Sergio Buttiglieri
Al Teatro Due di Parma

Danza delle identità

Il nuovo spettacolo di Maguy Marin, “Singspiele”, è una bellissima riflessione coreografica sulla perdita di identità: «La vita è un inferno quando non riusciamo a farci riconoscere dagli altri come vorremmo»

Uno degli spettacoli che in questi mesi mi ha più colpito nell’anima è Singspiele della mitica coreografa francese Maguy Marin, interpretato magnificamente da David Mambouch. Ho avuto la fortuna di vederlo al Teatro Due di Parma qualche settimana fa nell’ambito di una serie di eventi tra Parma e Reggio Emilia, dedicati a questa figura che da tanti anni produce coreografie piacevolmente destabilizzanti che rimettono in gioco la danza tradizionale contaminandola con il teatro e le performances.

Questo assolo è del 2014. Debuttò al Theâtre Garonne a Toulouse. Sempre con la scenografia di Benjamin Lebreton. Un semplice muro scrostato con 3 appendiabiti carichi di vestiti che il danzatore a mano a mano indossa durante l’atto unico. Lui ha fisso sul volto una sorta di maschera con volti in bianco e nero che, man mano strappa come fossero i fogli di un calendario. Una carrellata infinita di esistenze che denotano una presunta personalità di chi ci sta dietro.

Alcuni di questi volti ci sono noti e fanno parte del nostro immaginario, altri sono assolutamente sconosciuti. Ma tutti sorprendentemente interagiscono con i movimenti del danzatore che ne reinterpreta la personalità. Bastano i suoi micro-gesti per fiondarci in personaggi agli antipodi da quello appena interpretato con l’altro volto. La maestria della prossemica agisce perfettamente in noi spettatori. Questo per pochi attimi ognuno. È strepitoso quanto un volto che copre il nostro vero volto, anche per un istante, sappia farci apparire diversi. Anche noi ogni giorno, senza accorgercene, ci trasformiamo continuamente al cospetto degli altri. Perché tutti siamo perennemente in scena e quasi non sappiamo più chi veramente siamo.

Il nostro mondo oggi è raccontato massicciamente dai social sempre più invasivi sulla nostra vita reale.
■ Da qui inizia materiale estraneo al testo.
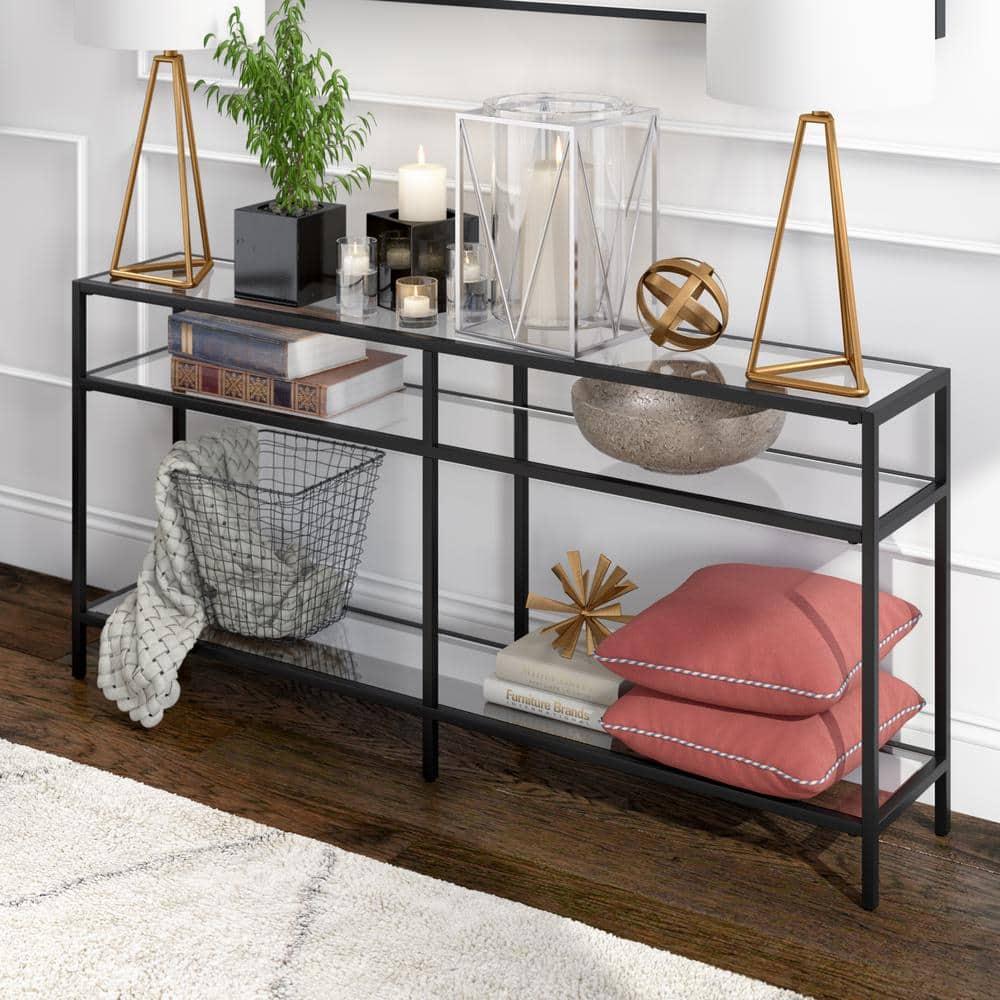 Evelyn&Zoe Sivil 64" Wide Rectangular Console Table, Blackened Bronze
Maguy Marin nelle note di regia ci ricorda che la vita è un inferno quando non riusciamo a farci riconoscere dagli altri come vorremmo. Noi tutti necessitiamo di andare in scena con la nostra maschera del giorno per ricevere apprezzamenti dagli altri. Altrimenti gli altri diventeranno animali feroci da cui non sappiamo difenderci.

Questa coreografia è sempre più attuale. Pur citando una forma di Opera apparsa nel XVIII secolo fatta di Lieder e teatro parlato, spesso leggero e magico, dove le continue trasformazioni dei personaggi creano inaspettati colpi di scena.

Tutto ciò Maguy Marin – questa pasionaria della danza, nata nel 1952 a Tolosa da madre madrilena e padre andaluso, che fuggirono in Francia per scappare dal regime di Francisco Franco – in questo lavoro lo rilegge con una acuta ironia impregnata di un profondo spirito filosofico.

Uno spettacolo che ci ha sicuramente divertito, ma che ci ha anche aperto inediti stralci sulla nostra vita in continua dissimulazione.